The Newton method for root computation is adored for its "dramatic" convergence speed, which is quadratic (the number of exact decimal doubles on every iterations). It is preferred over the secant method (and variants) featuring only φ-order convergence.
But
Newton's method requires one evaluation of the function plus one evaluation of its derivative per iteration. In many cases, the derivative is as costly to evaluate (and often more) so that there are actually two evaluations per iterations, and this makes the convergence speed in fact √2-order.
In addition, Newton gives no guarantee of convergence to a root close to the initial guess, whereas the regula falsi variant guarantees to converge inside the interval where a change of sign was observed.
So my question: why is Newton preferred at all?
Best Answer
I've written a couple of root finders which employ Newton's method.
My experience is that if you have no clue where a root is, Newton's method will turn on you. Much of my time writing these methods is spent scouring the literature for asymptotics which bracket the roots. Even with the asymptotics, it's not enough to just blindly apply Newton's methods to (say) the average of the brackets; first a few iterations of bisection is required to get the root to an accuracy of (say) 1 part in 100.
As to the second concern about the cost of evaluation of $f$ and $f'$: It is not generally that case that you must evaluate the function and its derivative independently. Generally you wish to make a routine that evaluates both at the same time. This is particularly important for evaluation of (say) a power series where the coefficients must be transferred from cache (or worse RAM) to registers. For a power series, it's easy to write a routine that will evaluate both $f$ and $f'$ at once with very little overhead relative to evaluation of $f$.

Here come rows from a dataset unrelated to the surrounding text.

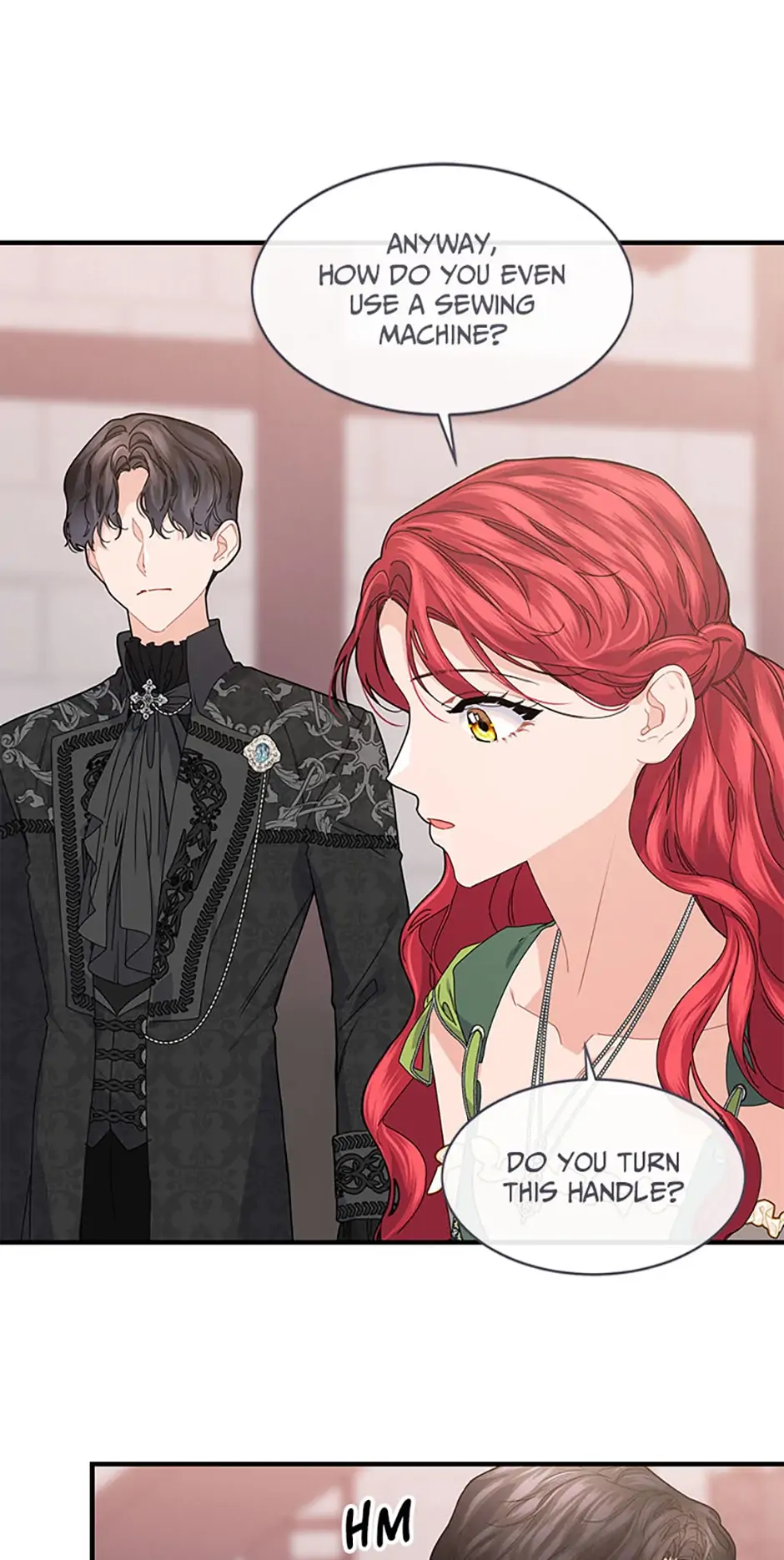 The Elegant Sea of Savagery Chapter 29 - page 22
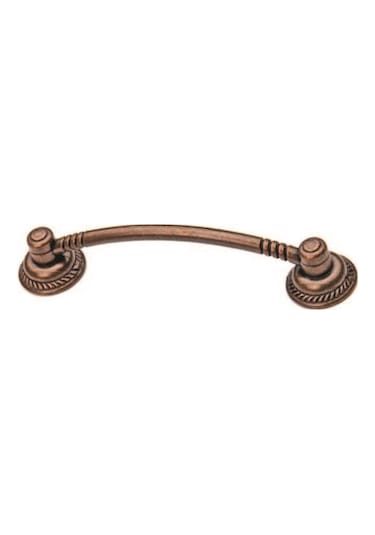 U Pabucu Antik Bakır 64 mm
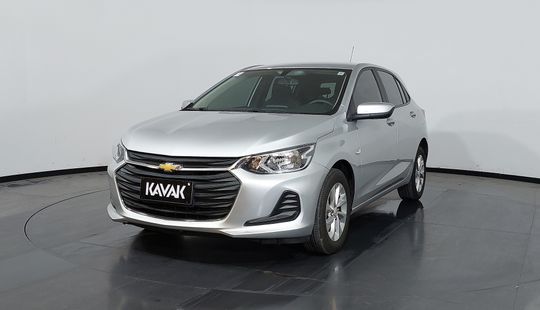 Chevrolet • Onix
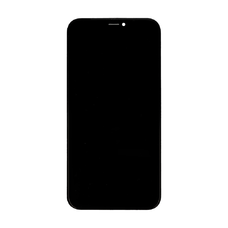 Mecanico LCD Kijelző Incell iPhone XR-hez fekete kerettel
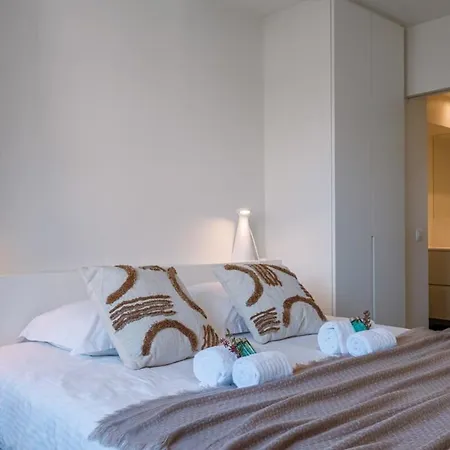 Bright And Spacious With Stunning Views! Apartment Knokke-Heist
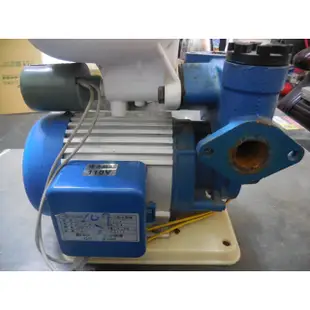 (二手) 九如牌~家庭用/全自動水壓機/抽水機~型號V260AH~1/4HP/3420RPM~揚程12M <30>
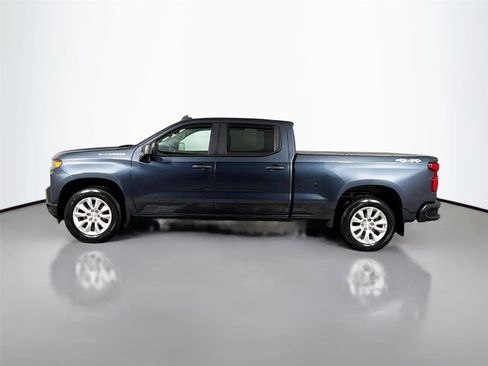 Used 2021 Chevrolet Silverado 1500 Custom image 6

Finally, there is a very good reason to switch from bisection to Newton's method, even if you aren't interested in speed. Bisection must evaluate a function very near a root to be accurate. But the condition number of function evaluation is unbounded at the root, leading to large error. Newton's method suffers from this problem as well, but from my observation Newton's method exploits the differentiable structure of the function and will recover every digit correct up to the precision of the type. (I cannot prove this statement but I do have unit tests which show it's validity for a few cases.)